The entries below hold a line with "635 Mayflower Ave - Photo 6 of 22" and a line with "1989 Ferrari Testarossa - Image 12 of 31". Return those lines and all that lie between them, exactly and only.

• _Source material_
★ ★ ★
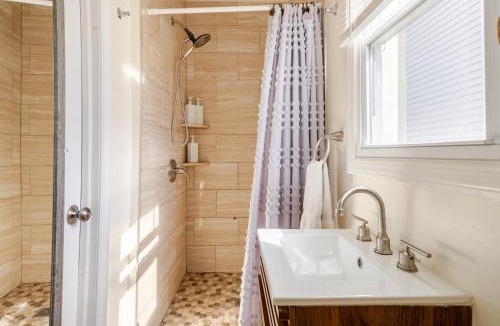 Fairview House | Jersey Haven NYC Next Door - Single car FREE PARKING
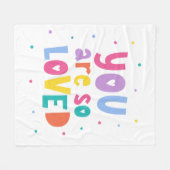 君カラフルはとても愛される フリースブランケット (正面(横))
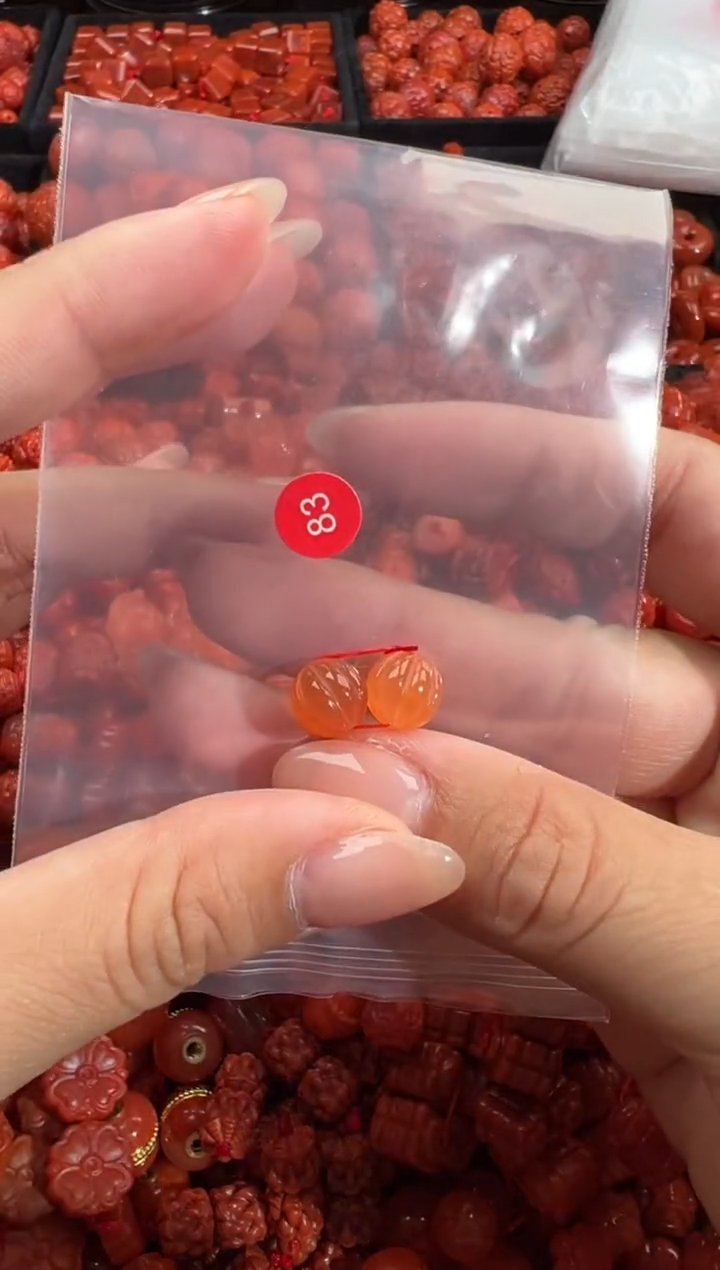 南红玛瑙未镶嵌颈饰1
★ ★ ★
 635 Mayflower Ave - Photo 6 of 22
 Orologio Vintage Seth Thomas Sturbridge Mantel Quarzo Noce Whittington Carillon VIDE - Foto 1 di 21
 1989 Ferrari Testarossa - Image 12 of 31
★ ★ ★
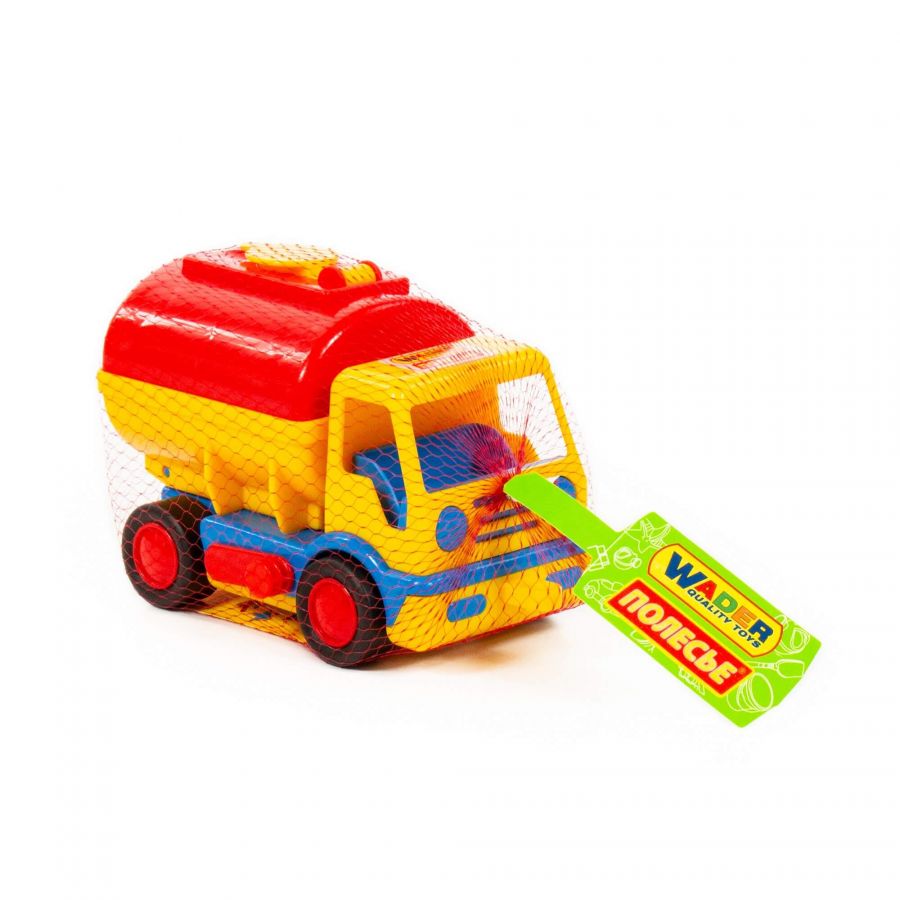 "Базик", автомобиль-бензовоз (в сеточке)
★ ★ ★
• _Response area_
 635 Mayflower Ave - Photo 6 of 22
 Orologio Vintage Seth Thomas Sturbridge Mantel Quarzo Noce Whittington Carillon VIDE - Foto 1 di 21
 1989 Ferrari Testarossa - Image 12 of 31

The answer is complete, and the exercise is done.